### Task goal
From the line containing "灵芝神器效果如何(灵芝：神奇的天然健康神器)" to the last line of the listing, both included, copy every line exactly and drop the pictures.

######

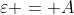 \varepsilon = A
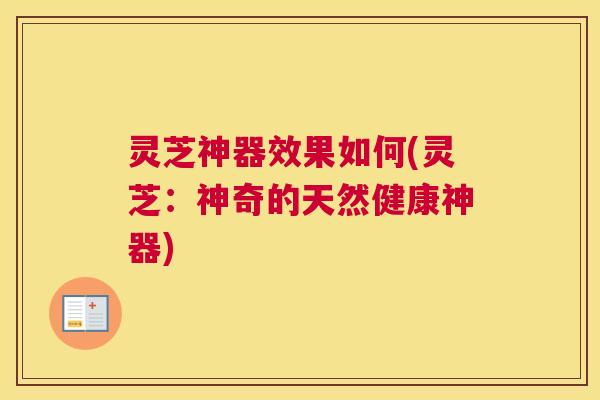 灵芝神器效果如何(灵芝：神奇的天然健康神器)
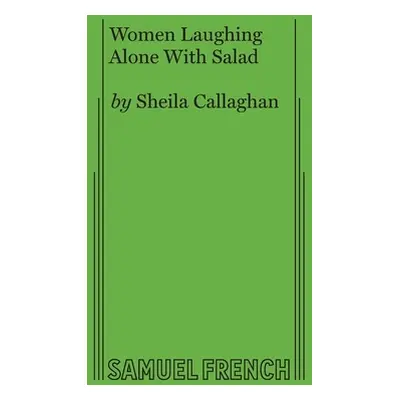 "Women Laughing Alone With Salad" - "" ("Callaghan Sheila")(Paperback)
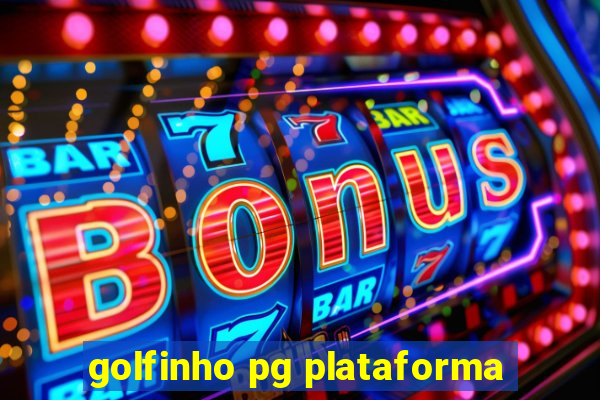 golfinho pg plataforma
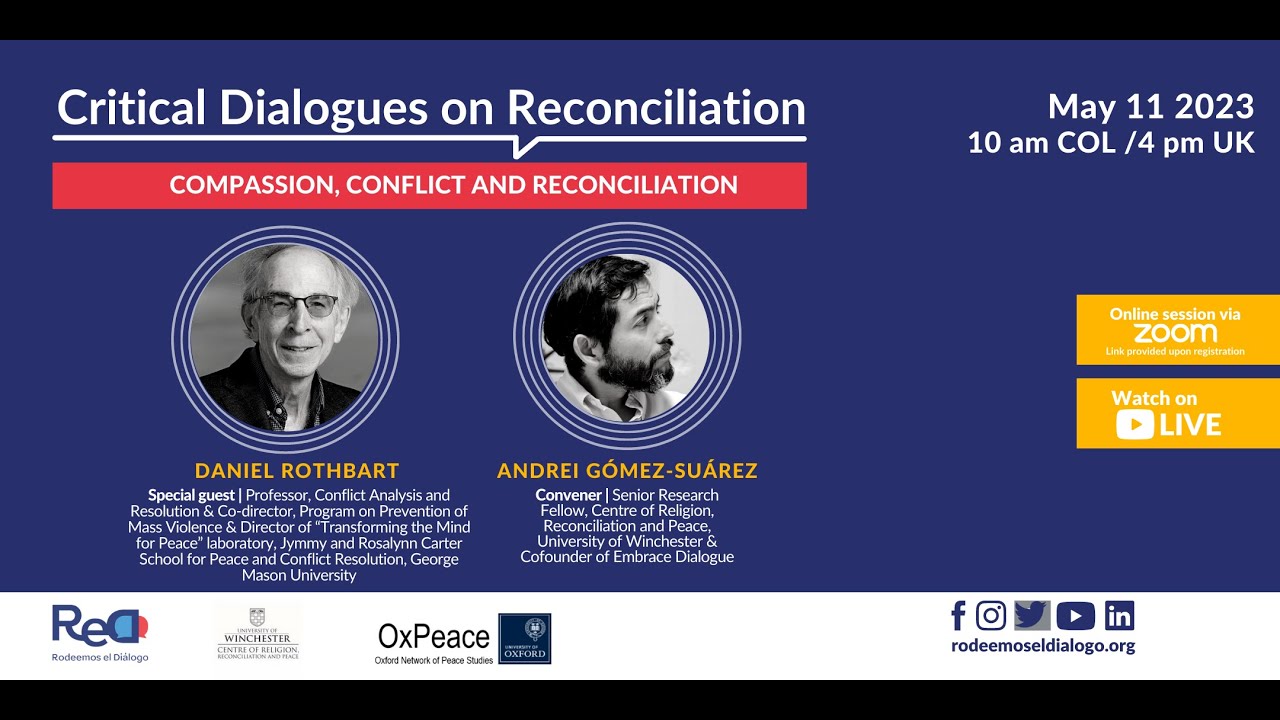 Critical Dialogue on Reconciliation: Compassion, Conflict & Reconciliation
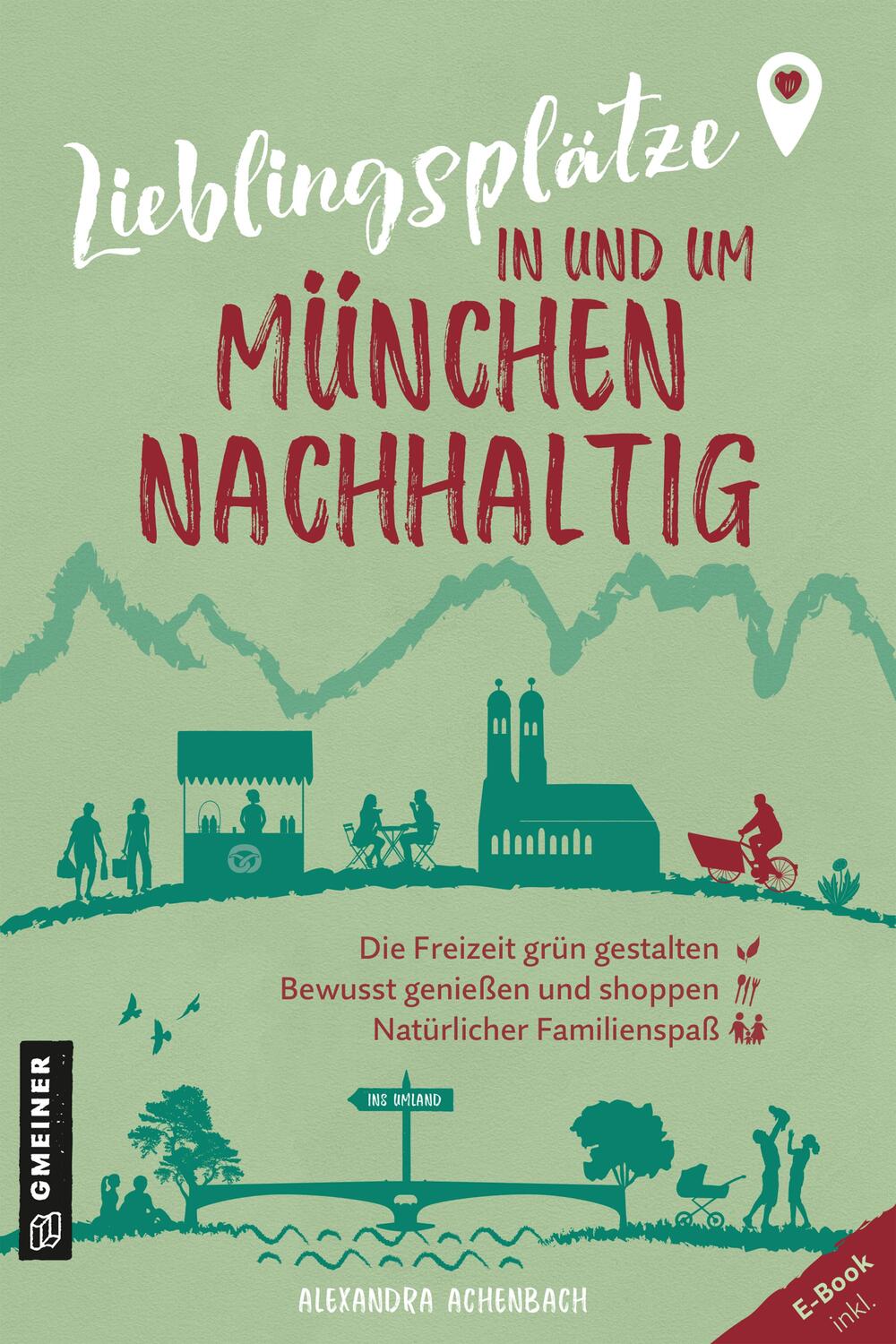 Cover: 9783839203774 | Lieblingsplätze in und um München - nachhaltig | Alexandra Achenbach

######

### Expected output
 灵芝神器效果如何(灵芝：神奇的天然健康神器)
 "Women Laughing Alone With Salad" - "" ("Callaghan Sheila")(Paperback)
 golfinho pg plataforma
 Critical Dialogue on Reconciliation: Compassion, Conflict & Reconciliation
 Cover: 9783839203774 | Lieblingsplätze in und um München - nachhaltig | Alexandra Achenbach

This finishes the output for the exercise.